3|過少申告加算税がかからない場合もあります
正当な理由がある場合や、修正申告が更正を予知しないで自主的に行われた場合など、一定の条件を満たせば過少申告加算税がかからない、または軽減されることがあります。この判定は個別の事情によって分かれるため、実務では慎重な確認が必要です。
4|この計算はあくまで概算です
実際の延滞税・加算税の計算は、端数処理や税率の適用期間などが細かく定められており、正確な金額は税務署や税理士による確認が必要です。この計算機の結果は資金繰りの目安としてご利用ください。
よくある質問
- 延滞税と利子税はどう違いますか。
- 延滞税は納付が遅れたことに対するペナルティ的な性格の税金です。一方、利子税は相続税の延納など、正式に認められた分割払いの期間に対してかかるもので、性質が異なります。延滞税が「遅れたことへの負担」であるのに対し、利子税は「認められた猶予期間の対価」に近いイメージです。
- 加算税と延滞税は両方ともかかるのですか。
- 申告漏れが期限後に発覚し、かつ納付も遅れた場合は、加算税と延滞税の両方がかかることがあります。

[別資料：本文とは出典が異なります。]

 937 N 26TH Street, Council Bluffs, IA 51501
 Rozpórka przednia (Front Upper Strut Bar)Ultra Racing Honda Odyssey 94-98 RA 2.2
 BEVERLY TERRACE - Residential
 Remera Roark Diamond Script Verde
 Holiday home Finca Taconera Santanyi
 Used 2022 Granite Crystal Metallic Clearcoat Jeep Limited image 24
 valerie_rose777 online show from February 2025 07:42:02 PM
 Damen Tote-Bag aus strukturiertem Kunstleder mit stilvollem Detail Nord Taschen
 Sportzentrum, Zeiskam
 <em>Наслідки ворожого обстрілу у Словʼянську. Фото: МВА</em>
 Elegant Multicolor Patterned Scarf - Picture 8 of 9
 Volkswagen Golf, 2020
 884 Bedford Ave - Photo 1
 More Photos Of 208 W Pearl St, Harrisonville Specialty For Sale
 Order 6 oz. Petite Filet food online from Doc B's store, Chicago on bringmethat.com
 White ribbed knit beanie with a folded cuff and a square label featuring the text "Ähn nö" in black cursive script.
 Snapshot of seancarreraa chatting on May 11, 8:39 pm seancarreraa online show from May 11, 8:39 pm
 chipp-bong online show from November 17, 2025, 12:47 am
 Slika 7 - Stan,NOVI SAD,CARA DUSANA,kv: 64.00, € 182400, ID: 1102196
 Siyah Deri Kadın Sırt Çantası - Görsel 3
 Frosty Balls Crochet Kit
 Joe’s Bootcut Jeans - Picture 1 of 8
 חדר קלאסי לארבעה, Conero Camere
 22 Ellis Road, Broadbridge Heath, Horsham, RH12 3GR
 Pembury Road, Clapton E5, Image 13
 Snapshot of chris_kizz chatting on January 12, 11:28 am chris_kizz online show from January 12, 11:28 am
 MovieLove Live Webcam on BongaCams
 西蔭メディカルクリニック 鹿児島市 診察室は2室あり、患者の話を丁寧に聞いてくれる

それぞれ別の計算式で求め、合計した金額を本税とあわせて納付します。どちらか一方だけがかかるケースもあるため、自分がどの状況に当てはまるかを整理しておくとよいでしょう。
- 重加算税はどんなときにかかりますか。
- 売上を隠す、経費を水増しするなど、事実を仮装・隠蔽していたと認められる場合にかかります。単なる計算ミスや解釈の誤りとは扱いが大きく異なり、税率も加算税の中で最も重くなります。
- 延滞税はいつまで計算されるのですか。
- 法定納期限の翌日から、実際に本税を完納する日までの日数で計算されます。納付が遅れるほど延滞税は増えていくため、資金が用意できた時点で早めに納付することが負担を抑えることにつながります。
根拠となる法令・出典
本ページは次の公的資料にもとづいて作成しています(最終確認:2026年8月)。
- 国税通則法第60条(延滞税)、第65条から第68条まで(加算税)
- 国税庁タックスアンサー No.9205「延滞税について」
- 国税庁タックスアンサー No.2024「確定申告を忘れたとき」(加算税の解説を含む)
税制は毎年改正されます。実際の申告にあたっては最新の条文・通達および税理士の確認をお願いします。